La méthode de Saint-Beuve qui consiste à faire un portrait littéraire du romancier à partir de ses œuvres est une méthode qui a beaucoup plus essaimé aux États-Unis que chez nous, à tel point que les américains sont vite devenus les spécialistes du genre. Cette obsession et cette faim malsaines pour tout ce qui a trait à la vie et à l’intimité d’un artiste sont considérées par le narrateur d’Exit le fantôme comme une deuxième mort plutôt qu’un hommage posthume :
C’est incroyable quand on y pense, que tout ce qu’on a pu réussir, accomplir dans la vie, quelle qu’en soit la valeur, s’achève par le châtiment d’une inquisition menée par votre biographe.
Ces considérations toutes neuves dans un roman Philip Roth vont de pair avec la difficulté de laisser leur place aux « pas encore » quand on est « déjà plus », de laisser se réécrire un monde (la technologie, les téléphones portables) dont on ne fait plus partie, mais aussi avec la peur qu’une œuvre, son intégrité intellectuelle ne puisse être trahie par les futurs commentateurs. Et c’est à travers une diatribe (lettre enragée de la veuve de l’écrivain au Times) que ces commentateurs sont mis au ban de la littérature.

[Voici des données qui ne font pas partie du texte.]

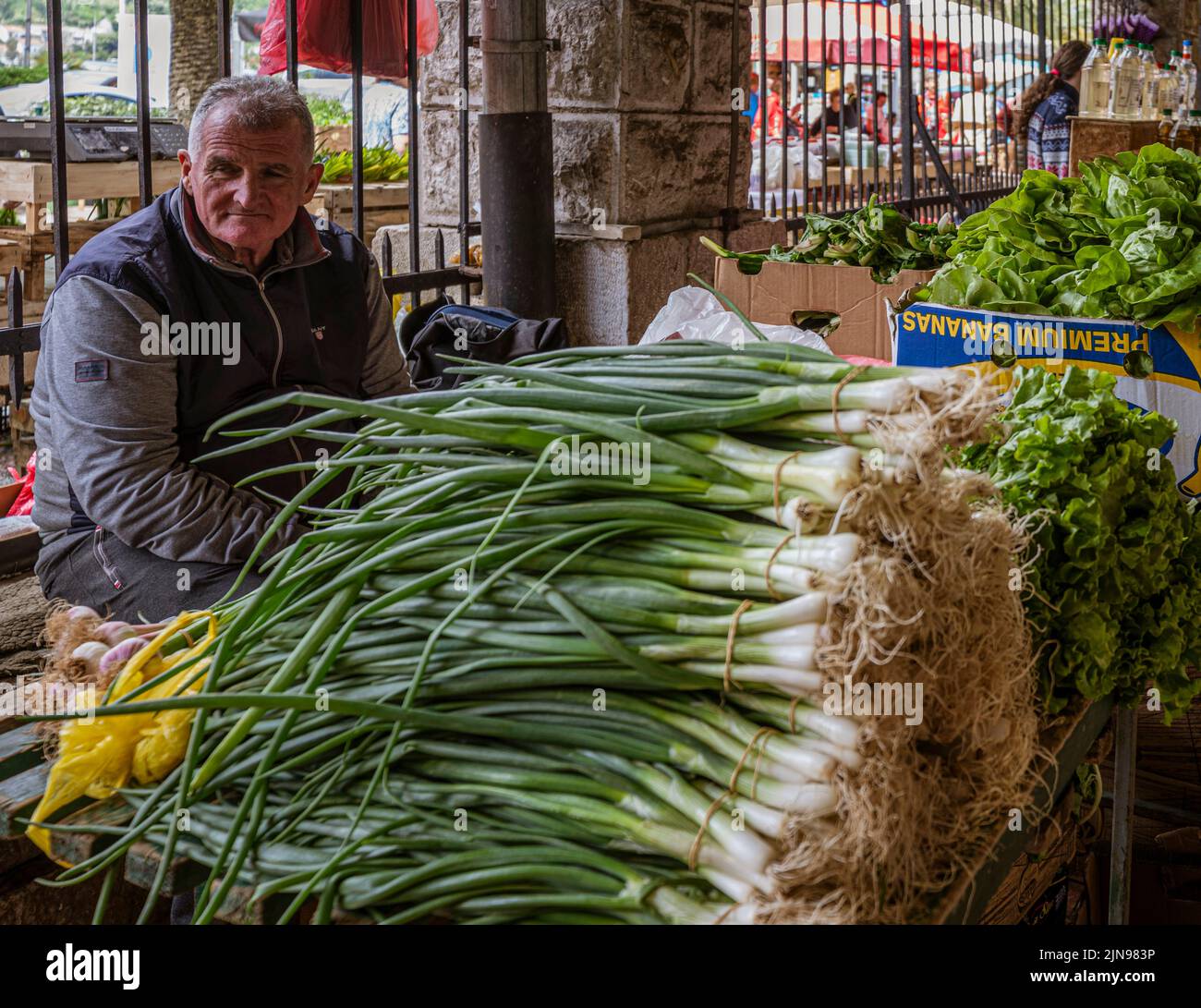 Monténégro - 7 mai 2022 - l'homme vend des légumes dans une cabine du marché. Banque D'Images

Si j’avais le pouvoir d’un Staline, je ne le gaspillerais pas à réduire au silence les romanciers. Je réduirais au silence ceux qui écrivent sur les romanciers. J’interdirais toute discussion publique de la littérature dans les journaux, les magazines et les revues spécialisées. J’interdirais l’enseignement de la littérature dans tous les établissements scolaires, du primaire au supérieur en passant par le secondaire. Je prohiberais les groupes de lecture et les chats de discussion sur les livres sur Internet, et je mettrais sous surveillance les librairies pour vérifier qu’aucun vendeur ne parle de livres avec un client, et que les clients n’osent pas se parler entre eux. Je laisserais les clients seuls avec les livres, pour qu’ils puissent en faire ce qu’ils veulent en toute liberté. Je ferais cela autant de siècles qu’il en faudrait pour désintoxiquer la société du poison de votre charabia.
Qu’ajouter ? Rien. Que faire ? Lire Philip Roth.